Although still a few, some researchers have tried to dig into the shame of Malay people. Fessler17 demonstrated in his cross-cultural research that the Malay people in Bengkulu, Indonesia (representing a collective culture) use the term shame more often than other emotions than Californians (representing an individualist culture) do. Collins and Bahar18 research on shame in Malay cultured people in Indonesia found two interpretations of shame. One of these interpretations supports Islamic morality that distinguishes haram (forbidden) and halal (permitted) practices. The other makes shame it self as the basis for a moral conscience that instills concern for others and eliminates egoism. Therefore, shame plays a role in overcoming the loss of morality in Indonesian society during a moral crisis. At least from these two studies, it is known that shame is an emotion often felt by Malays and explained as an emotion that tends to be positive. Therefore, to explore shame in Malay people, it is impossible to use concepts and measurements as is generally used so far.

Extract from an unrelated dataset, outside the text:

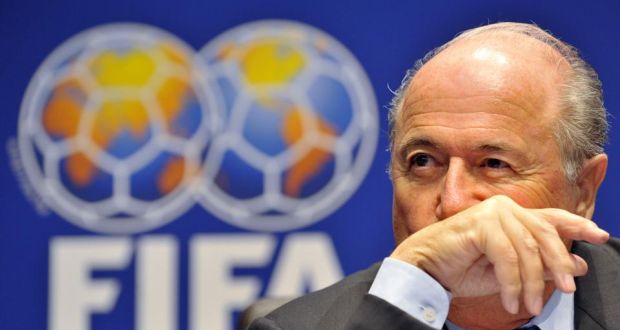 ФИФА готова разрешить использование видеоповторов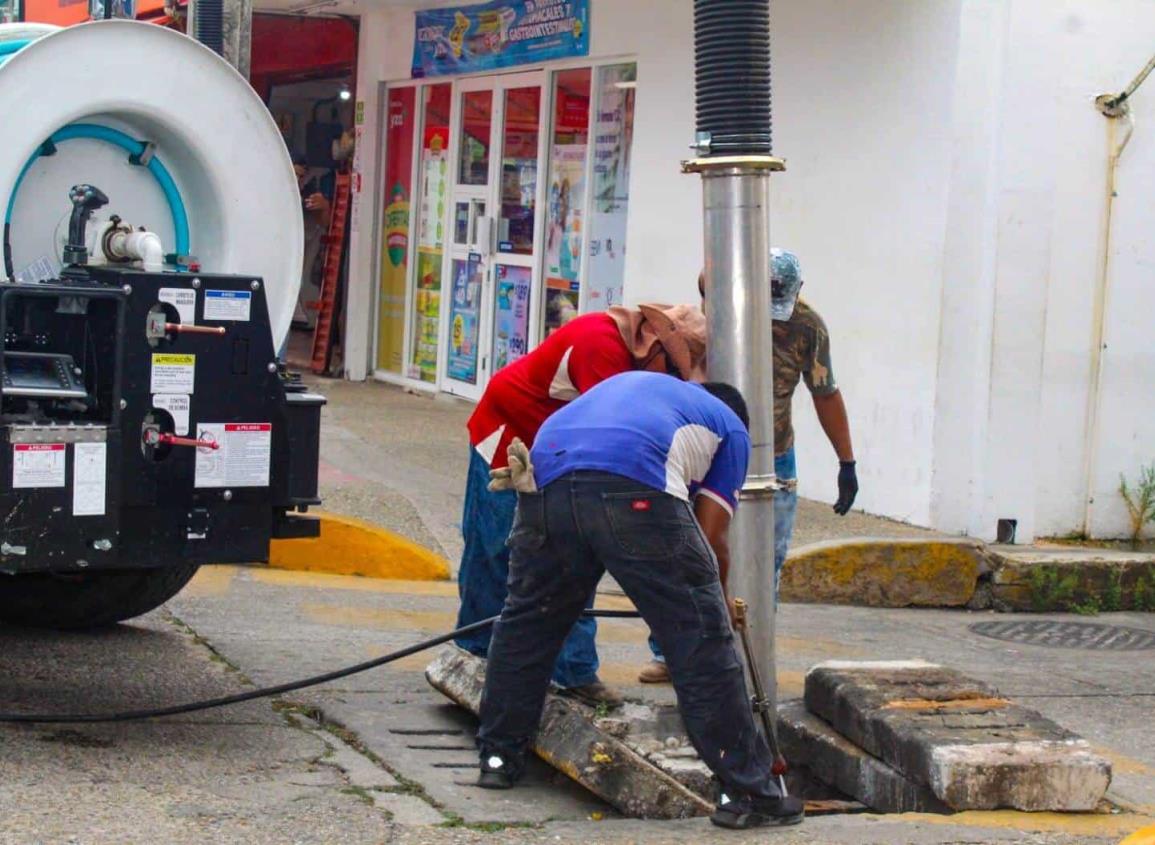 Ciudadanos esperan que limpieza de drenaje se realice en todos los sectores de Nanchital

Most shame studies use the Test of Self-Conscious Affect (TOSCA) measurement which also measures guilt.19 In TOSCA-3 (for adult subjects) compiled by Tangney and Dearing,2 shame is measured as a maladaptive emotion. According to Cohen et al19 shame can also lead to corrective behavior, whereas guilt can lead to withdrawal behavior. Dansie20 also conveyed the same thing, ie, TOSCA is questioned by several researchers because it failed to measure the adaptive aspect of shame or the maladaptive aspect of guilt.

Bedford and Hwang21 stated that various data show that the current conceptualization of guilt and shame (developing in American and European countries) is no longer adequate. A cross-cultural framework is needed to understand shame related to racial and cultural differences in cross-cultural studies because there is a problem in conceptualizing shame when the existing concept is applied to non-western cultures. Therefore, a shame-proneness concept for Malay people is needed to develop an appropriate measuring instrument to describe their shame-proneness more accurately.

Shame-proneness measurement for Malay employees is needed to get a description about shame-proneness on employees which can then be seen the relationship and its impact on various things in order to get the best intervention in dealing with various work behavior problems. The shame-proneness of the Malays is expected to prevent employees from taking counterproductive actions such as corruption which is currently a problem for civil servants in Pekanbaru City, Riau. Riau is one of the provinces in Indonesia that is of concern to the Corruption Eradication Commission, where civil servants are heavily involved in corruption.22 Most of the civil servants in this province are Malays. The increase in corruption among civil servants in this province may have occurred because of the erosion of shame in Malay society due to technological advances and general openness. Actions that used to cause shame are now no longer the case because more and more people are doing it, and there is no firm action from the management. Therefore, in one of these studies, Malay civil servants were used as participants. It is hoped that the shame proneness scale can later be used to explore and find solutions to these problems through this project.

The construction of the shame-proneness measurement that have previously existed in the Malay context are conducted by examining texts about shame in Malay23,24 or Muslim people, as one of the characteristics of the Malay people.25 While this research was conducted in order to compose an instrument using a more comprehensive psychological approach to measure shame in Malay employees in Indonesia more accurately. The term “employee” used in this study includes workers with various professions, including civil servants. The word “employee” in Indonesia has a different connotation from ‘civil servants.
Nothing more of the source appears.